Open Access and Abstract/Indexing Services

From: Stevan Harnad <>
Date: Mon, 27 Jan 2003 21:57:59 +0000

Query from [identity removed]:

> Thank you for your continued and vigorous discussion on the current
> state of journal publishing. I am curious if you've published or
> presented an opinion on abstract and indexing services such as (the
> non-profit) BIOSIS and on online services such as (the for-profit) Web
> of Science/Knowledge (etc). Could you direct me to that position
> statement? If you have no stated position on such services, have you
> encountered a meritorious point of view that is worth reading and
> considering.

My own expertise and interest is in primary content -- in particular,
facilitating and hastening its open accessibility through institutional
self-archiving. A new generation of secondary services will no doubt be
built upon this open-access, full-text, OAI-tagged distributed database,
harvested from research institutions the world over. There
is already a growing list of OAI service providers:

So far, these are all free services, but there is nothing to prevent
fee-based services from trying to find niches here, if they have a
service that users find worth paying for (and that the free services
cannot match or better). Among the large existing free and fee-based
providers, Elsevier's Scirus
has already made a notable entry here, but with a free service, provided
as a value-added for their fee-based products, including the toll-access
full-texts that are not available yet in open-access.

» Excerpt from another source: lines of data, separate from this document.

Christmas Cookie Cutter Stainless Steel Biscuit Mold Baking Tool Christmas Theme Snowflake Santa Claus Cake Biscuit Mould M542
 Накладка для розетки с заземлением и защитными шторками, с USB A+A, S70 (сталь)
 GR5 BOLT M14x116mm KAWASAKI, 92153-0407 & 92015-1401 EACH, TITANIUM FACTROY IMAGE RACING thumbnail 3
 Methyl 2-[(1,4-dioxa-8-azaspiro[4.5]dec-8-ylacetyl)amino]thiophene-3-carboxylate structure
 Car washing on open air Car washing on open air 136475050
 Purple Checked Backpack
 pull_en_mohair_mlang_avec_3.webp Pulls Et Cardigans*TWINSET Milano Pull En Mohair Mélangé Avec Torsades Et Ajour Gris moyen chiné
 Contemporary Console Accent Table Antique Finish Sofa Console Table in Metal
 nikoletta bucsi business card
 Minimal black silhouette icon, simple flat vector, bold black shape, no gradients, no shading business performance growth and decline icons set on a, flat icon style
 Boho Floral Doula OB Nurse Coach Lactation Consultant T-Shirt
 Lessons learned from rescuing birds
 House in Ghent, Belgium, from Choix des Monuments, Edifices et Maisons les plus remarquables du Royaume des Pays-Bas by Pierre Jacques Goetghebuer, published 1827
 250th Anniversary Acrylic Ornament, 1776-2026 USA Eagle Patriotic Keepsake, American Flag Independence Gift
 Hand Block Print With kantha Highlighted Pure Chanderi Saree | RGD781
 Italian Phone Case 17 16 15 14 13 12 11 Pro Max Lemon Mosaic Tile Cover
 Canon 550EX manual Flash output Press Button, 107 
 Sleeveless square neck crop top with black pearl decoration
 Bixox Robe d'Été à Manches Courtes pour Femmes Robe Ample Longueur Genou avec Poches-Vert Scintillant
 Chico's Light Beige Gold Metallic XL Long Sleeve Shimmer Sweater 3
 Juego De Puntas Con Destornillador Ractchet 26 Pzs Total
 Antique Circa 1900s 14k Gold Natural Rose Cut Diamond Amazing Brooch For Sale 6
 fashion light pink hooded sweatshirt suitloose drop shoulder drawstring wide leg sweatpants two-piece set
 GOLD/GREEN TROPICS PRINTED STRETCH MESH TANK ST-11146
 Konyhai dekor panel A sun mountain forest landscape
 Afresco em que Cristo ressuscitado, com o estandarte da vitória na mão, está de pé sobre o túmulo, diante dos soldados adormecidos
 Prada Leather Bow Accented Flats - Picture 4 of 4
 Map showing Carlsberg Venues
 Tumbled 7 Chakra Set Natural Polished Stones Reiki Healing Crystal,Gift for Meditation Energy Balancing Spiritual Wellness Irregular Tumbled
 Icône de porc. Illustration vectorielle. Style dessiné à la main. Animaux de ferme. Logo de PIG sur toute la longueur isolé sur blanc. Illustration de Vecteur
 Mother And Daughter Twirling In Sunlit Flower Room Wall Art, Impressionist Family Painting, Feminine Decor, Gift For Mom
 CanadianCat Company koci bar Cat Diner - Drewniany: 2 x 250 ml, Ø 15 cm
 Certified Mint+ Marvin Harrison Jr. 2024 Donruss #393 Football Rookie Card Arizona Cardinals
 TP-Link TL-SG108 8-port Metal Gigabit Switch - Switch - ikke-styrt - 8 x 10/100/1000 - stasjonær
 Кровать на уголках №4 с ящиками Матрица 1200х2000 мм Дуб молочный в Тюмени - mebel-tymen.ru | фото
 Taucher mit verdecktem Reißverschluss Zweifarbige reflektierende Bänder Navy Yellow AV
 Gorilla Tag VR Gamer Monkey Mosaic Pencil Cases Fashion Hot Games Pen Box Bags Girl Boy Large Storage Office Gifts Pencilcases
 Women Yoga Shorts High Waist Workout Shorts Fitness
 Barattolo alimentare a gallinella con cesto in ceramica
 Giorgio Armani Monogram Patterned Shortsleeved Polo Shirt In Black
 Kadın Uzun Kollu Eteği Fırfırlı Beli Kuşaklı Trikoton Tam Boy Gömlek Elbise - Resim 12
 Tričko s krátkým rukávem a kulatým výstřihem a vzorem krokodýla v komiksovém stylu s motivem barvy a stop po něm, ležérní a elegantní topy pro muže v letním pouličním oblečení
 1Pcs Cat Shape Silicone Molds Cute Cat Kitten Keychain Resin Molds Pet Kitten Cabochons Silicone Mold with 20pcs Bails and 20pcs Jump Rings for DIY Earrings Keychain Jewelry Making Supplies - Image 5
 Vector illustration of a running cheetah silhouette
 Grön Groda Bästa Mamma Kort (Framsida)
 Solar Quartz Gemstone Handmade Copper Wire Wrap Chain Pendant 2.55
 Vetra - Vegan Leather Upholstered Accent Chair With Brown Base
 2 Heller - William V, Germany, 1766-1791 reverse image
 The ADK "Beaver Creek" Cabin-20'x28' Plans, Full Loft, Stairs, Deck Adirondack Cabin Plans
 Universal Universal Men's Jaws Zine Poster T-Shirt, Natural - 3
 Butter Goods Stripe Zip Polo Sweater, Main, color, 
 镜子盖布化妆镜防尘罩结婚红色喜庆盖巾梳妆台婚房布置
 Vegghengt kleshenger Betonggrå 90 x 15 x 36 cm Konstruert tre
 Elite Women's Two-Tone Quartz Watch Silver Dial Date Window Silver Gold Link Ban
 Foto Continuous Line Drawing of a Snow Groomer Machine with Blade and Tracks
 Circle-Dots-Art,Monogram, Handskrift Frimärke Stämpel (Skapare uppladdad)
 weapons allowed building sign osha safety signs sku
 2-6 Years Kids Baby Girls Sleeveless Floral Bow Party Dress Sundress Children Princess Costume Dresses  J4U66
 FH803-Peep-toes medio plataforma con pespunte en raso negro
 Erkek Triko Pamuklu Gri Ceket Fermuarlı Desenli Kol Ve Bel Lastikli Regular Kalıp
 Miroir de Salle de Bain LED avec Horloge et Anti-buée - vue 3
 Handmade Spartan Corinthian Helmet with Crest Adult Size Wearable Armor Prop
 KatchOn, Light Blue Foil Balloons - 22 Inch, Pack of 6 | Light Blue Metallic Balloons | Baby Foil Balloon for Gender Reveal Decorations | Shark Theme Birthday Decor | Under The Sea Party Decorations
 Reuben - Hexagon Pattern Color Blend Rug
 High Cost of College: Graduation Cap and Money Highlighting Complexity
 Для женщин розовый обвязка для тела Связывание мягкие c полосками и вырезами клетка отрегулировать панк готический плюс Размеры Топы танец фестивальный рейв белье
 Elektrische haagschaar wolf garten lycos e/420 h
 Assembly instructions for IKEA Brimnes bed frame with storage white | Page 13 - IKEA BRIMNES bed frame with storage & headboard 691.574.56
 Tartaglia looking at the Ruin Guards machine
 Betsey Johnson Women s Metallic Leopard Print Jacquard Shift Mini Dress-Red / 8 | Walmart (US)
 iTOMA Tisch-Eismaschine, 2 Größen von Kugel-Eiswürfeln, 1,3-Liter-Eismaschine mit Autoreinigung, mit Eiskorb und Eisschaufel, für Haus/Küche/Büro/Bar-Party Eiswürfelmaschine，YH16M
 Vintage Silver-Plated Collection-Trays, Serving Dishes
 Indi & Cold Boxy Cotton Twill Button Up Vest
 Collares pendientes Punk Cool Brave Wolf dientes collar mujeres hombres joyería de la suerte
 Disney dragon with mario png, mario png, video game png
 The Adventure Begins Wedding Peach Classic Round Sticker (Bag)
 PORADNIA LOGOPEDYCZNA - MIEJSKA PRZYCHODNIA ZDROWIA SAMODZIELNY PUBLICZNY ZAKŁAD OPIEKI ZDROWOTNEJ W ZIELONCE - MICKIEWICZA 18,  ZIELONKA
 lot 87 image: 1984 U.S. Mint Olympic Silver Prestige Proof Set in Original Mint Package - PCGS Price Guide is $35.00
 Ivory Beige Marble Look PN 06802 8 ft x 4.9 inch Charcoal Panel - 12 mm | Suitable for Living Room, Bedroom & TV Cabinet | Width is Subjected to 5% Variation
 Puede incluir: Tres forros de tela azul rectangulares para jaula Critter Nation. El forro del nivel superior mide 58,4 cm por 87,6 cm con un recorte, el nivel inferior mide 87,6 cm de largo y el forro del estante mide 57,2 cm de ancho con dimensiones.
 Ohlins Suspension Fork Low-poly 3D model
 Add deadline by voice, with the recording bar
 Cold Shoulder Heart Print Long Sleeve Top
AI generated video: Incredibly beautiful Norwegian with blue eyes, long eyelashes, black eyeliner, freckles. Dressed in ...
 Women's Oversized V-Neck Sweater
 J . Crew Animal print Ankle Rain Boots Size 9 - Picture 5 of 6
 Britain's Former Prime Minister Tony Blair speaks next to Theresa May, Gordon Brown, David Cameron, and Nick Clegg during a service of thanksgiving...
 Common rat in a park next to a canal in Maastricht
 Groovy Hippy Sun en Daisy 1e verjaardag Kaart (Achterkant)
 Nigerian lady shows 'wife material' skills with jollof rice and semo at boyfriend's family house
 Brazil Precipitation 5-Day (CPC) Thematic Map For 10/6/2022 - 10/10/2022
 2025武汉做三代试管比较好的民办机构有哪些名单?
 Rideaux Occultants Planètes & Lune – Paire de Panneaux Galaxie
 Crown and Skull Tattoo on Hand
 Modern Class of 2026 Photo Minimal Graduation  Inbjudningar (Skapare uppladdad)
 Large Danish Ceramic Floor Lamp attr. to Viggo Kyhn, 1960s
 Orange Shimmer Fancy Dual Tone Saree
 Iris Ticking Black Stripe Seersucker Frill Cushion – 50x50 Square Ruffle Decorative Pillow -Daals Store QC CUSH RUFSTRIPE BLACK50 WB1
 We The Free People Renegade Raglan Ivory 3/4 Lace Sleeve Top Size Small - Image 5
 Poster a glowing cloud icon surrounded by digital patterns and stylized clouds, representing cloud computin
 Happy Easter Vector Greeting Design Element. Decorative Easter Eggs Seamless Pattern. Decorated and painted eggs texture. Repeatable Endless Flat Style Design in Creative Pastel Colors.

You ask me for my view on existing secondary services such as BIOSIS and
ISI's Web-of-Science. They all provide valuable services, and obviously
it is their value plus the user's ability to pay that decides which is
best for whom today. In future, when all full-text journal articles are
online and open-access, these services will no doubt have to upgrade
and restructure themselves. Google already provides full-text inversion
for all publicly available web documents. In my view, boolean search
on inverted full-text plus the google ranking algorithm (based on link
counts and authorities) will be hard to beat, but no doubt ever more
powerful new tools will emerge. The open-access full-text corpus will
also be fully citation-interlinked, so ISI too will have to work hard
to stay ahead of the game.

Stevan Harnad

The eventual outcome among secondaries is anyone's guess. The priority
now is hastening open access for the primary corpus.